** Opening Given data block **
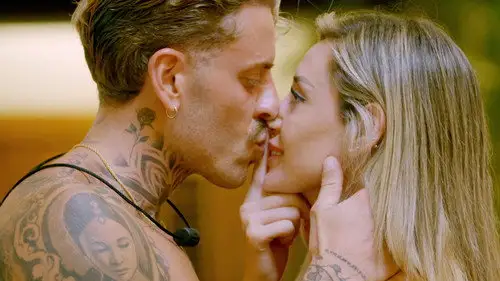 La isla de las tentaciones Temporada 10 Episodios 18 • Sub Español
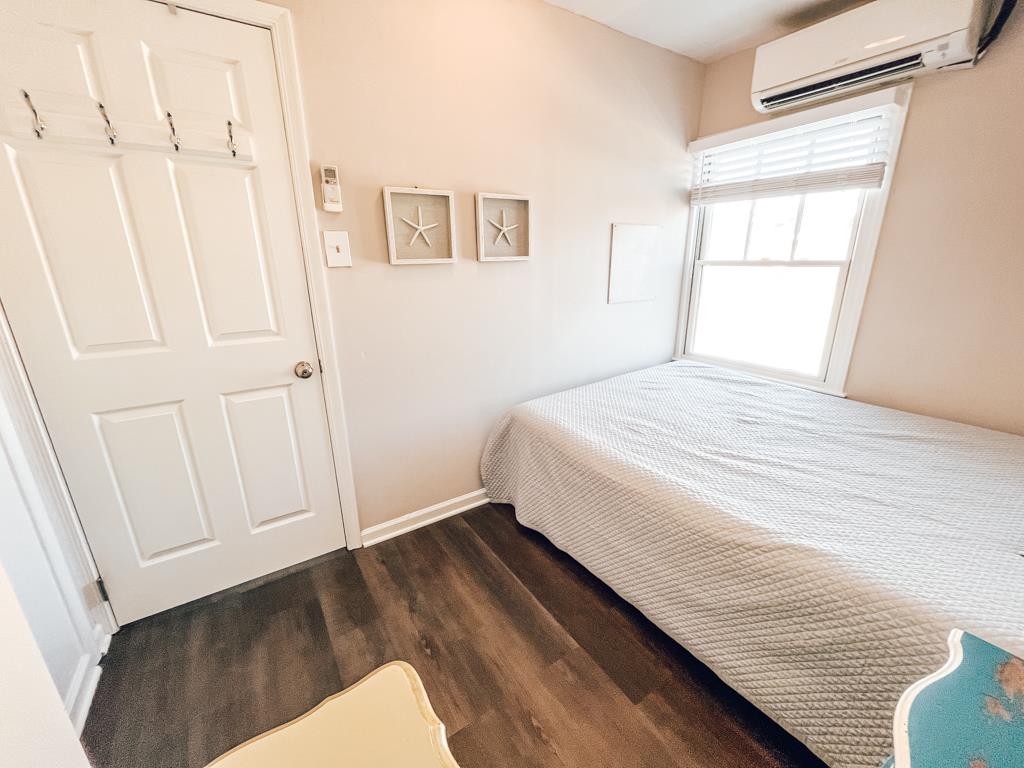 14 Second Avenue, Unit 3 | Photo 19
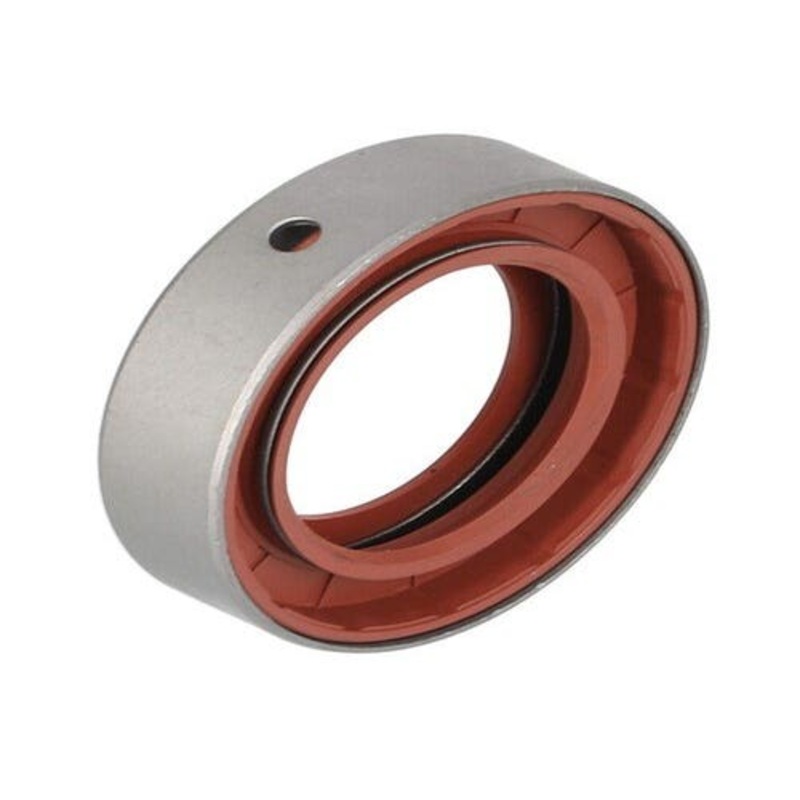 Seal - Rear Axle Differential Carrier Plate fits Massey Ferguson 65 275 150 65 165 175 180 275 285 1860482M91 7790HAO 832954M1 881021M93 832954M3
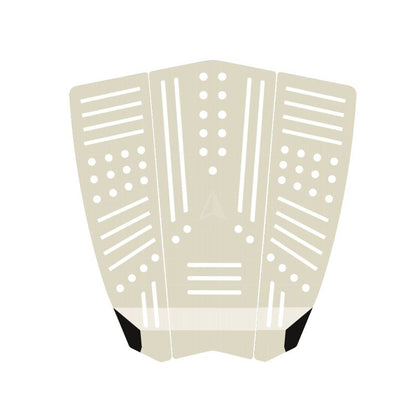 3 PIECE LITE TAIL PAD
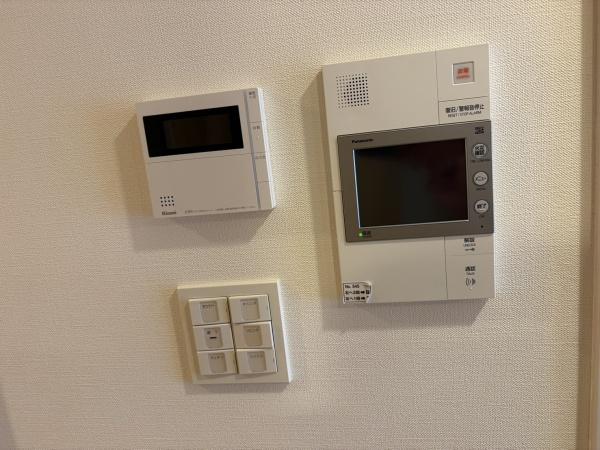 ルピアグランデ柏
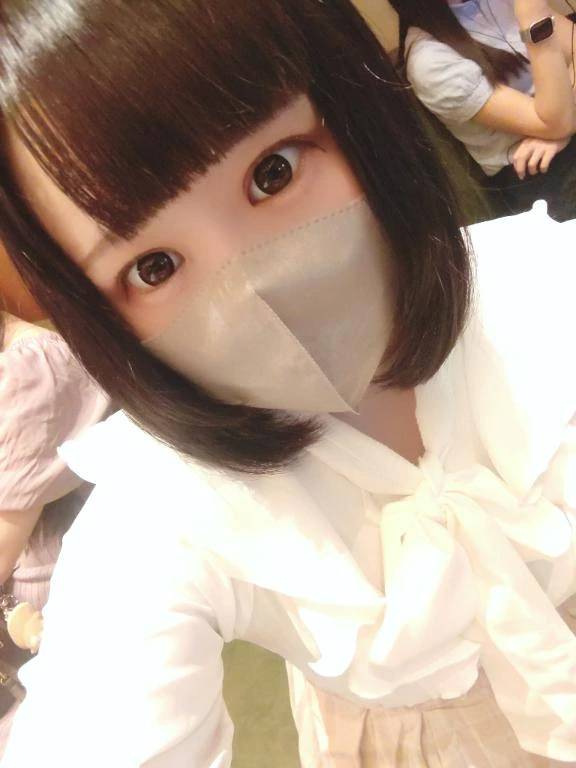 はじめまして!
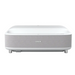 EPSON EH-LS300W Projector 3LCD FHD 1920x1080 16:9 3600Lumens 2500000:1 HDMI USB 2.0 Type A - Бизнес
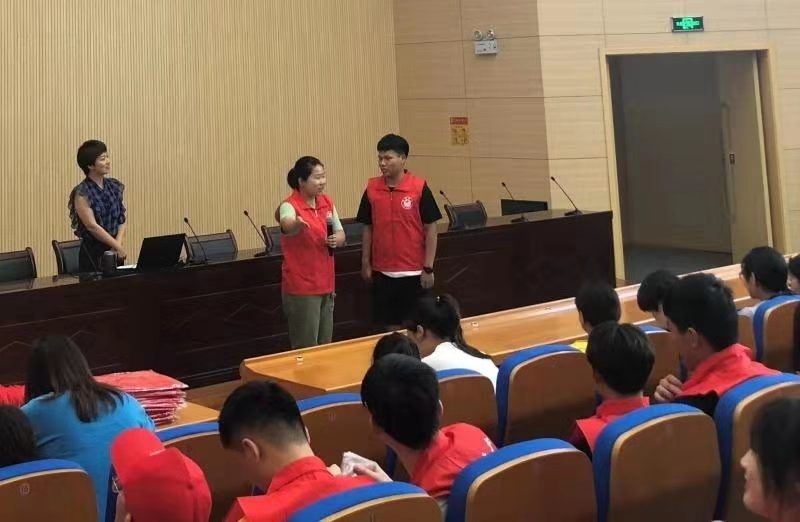 微信图片_20190903190911.jpg 微信图片_20190903190911.jpg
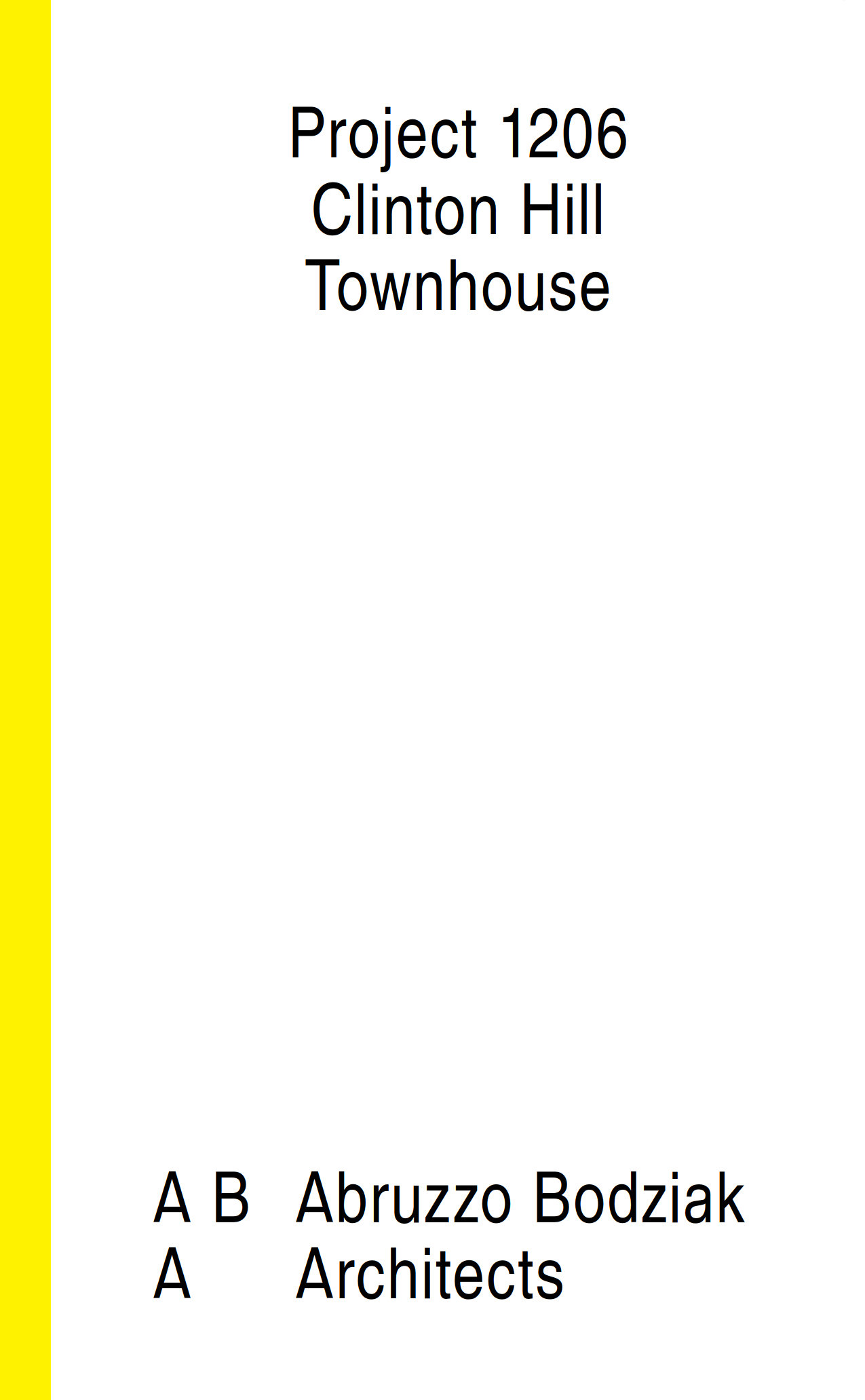 1206 clinton hill townhouse project 01 2000 xxx q85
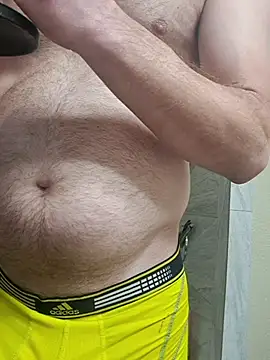 bigdickdaddy2184 online show from January 2026 02:52:02 PM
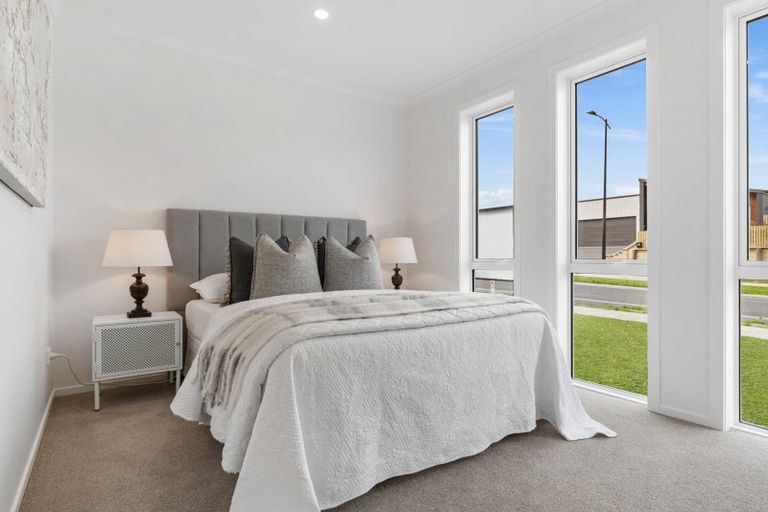 Photo of property in 519 Korimako Drive, Te Awamutu, 3800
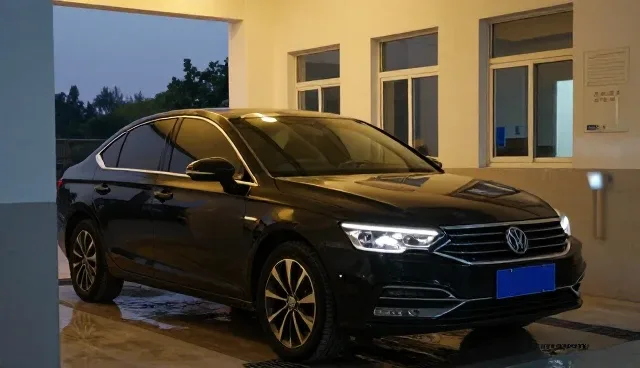 汽车救援中汽车美容清洗的常见误区澄清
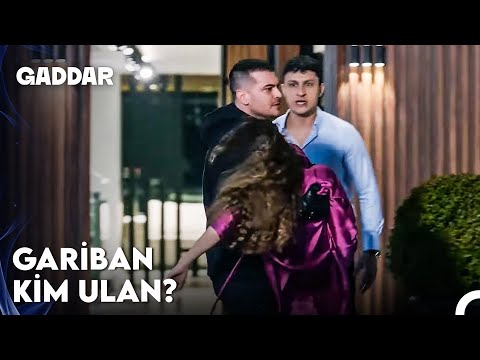 Enver ile Dağhan'ın Trajikomik Hastane Yolculuğu - Gaddar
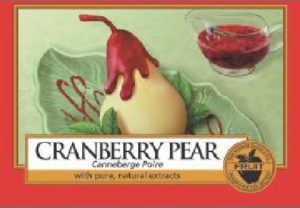 YankeeCandle586 - Kopie (7).bmp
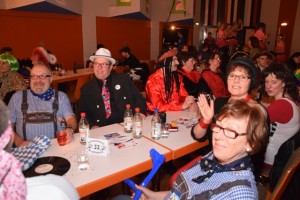 Prunksitzung (282)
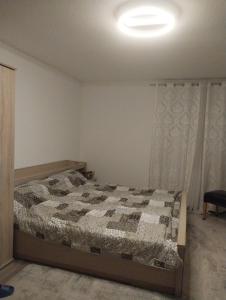 Cozy Apartment Koblenz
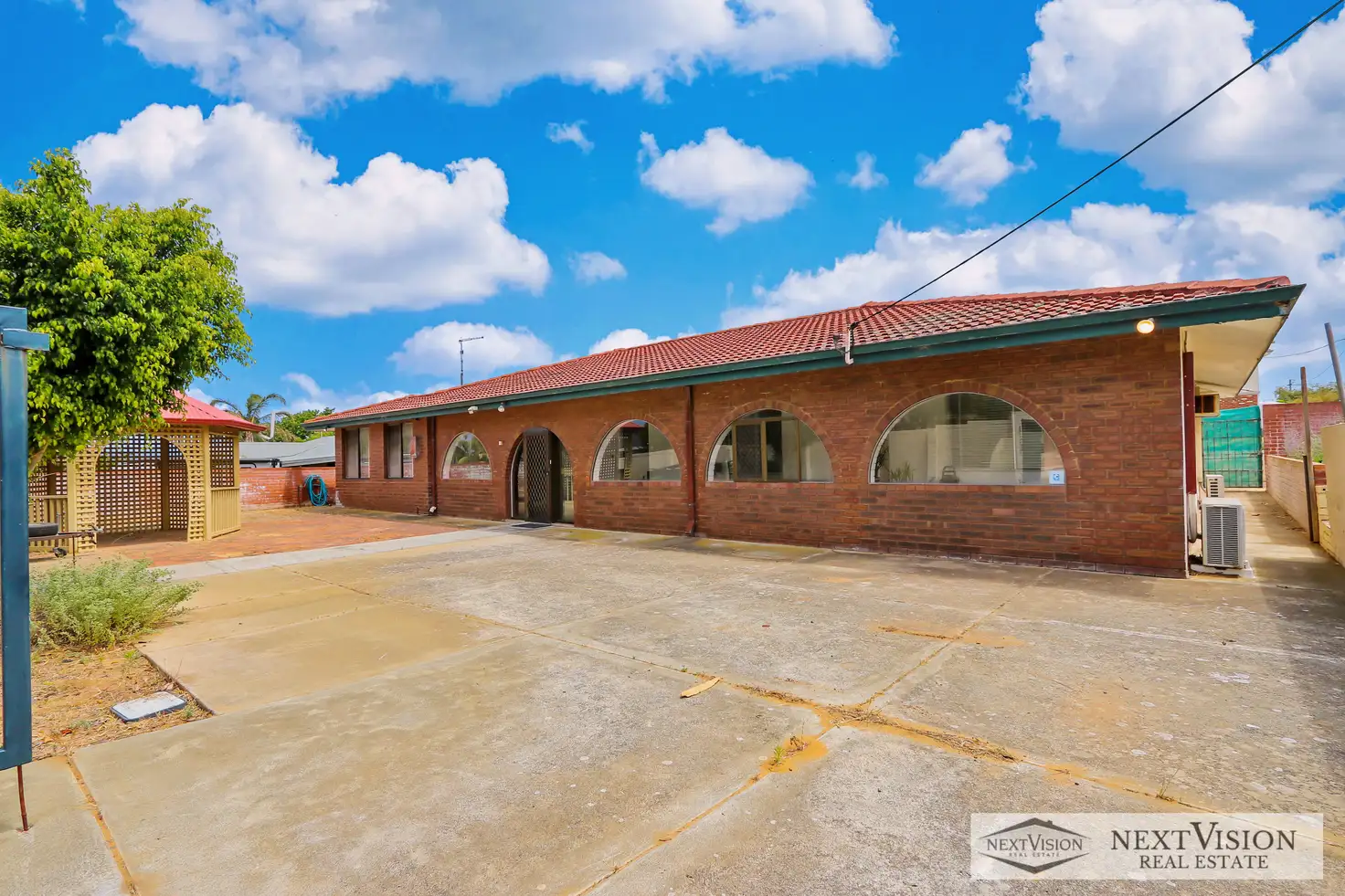 Main view of Homely house listing, 90 Jean St, Beaconsfield WA 6162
** Closing Given data block **
• Try it:
Copy the records exactly. Skip the pictures.

• Answer to the exercise:
 La isla de las tentaciones Temporada 10 Episodios 18 • Sub Español
 14 Second Avenue, Unit 3 | Photo 19
 Seal - Rear Axle Differential Carrier Plate fits Massey Ferguson 65 275 150 65 165 175 180 275 285 1860482M91 7790HAO 832954M1 881021M93 832954M3
 3 PIECE LITE TAIL PAD
 ルピアグランデ柏
 はじめまして!
 EPSON EH-LS300W Projector 3LCD FHD 1920x1080 16:9 3600Lumens 2500000:1 HDMI USB 2.0 Type A - Бизнес
 微信图片_20190903190911.jpg 微信图片_20190903190911.jpg
 1206 clinton hill townhouse project 01 2000 xxx q85
 bigdickdaddy2184 online show from January 2026 02:52:02 PM
 Photo of property in 519 Korimako Drive, Te Awamutu, 3800
 汽车救援中汽车美容清洗的常见误区澄清
 Enver ile Dağhan'ın Trajikomik Hastane Yolculuğu - Gaddar
 YankeeCandle586 - Kopie (7).bmp
 Prunksitzung (282)
 Cozy Apartment Koblenz
 Main view of Homely house listing, 90 Jean St, Beaconsfield WA 6162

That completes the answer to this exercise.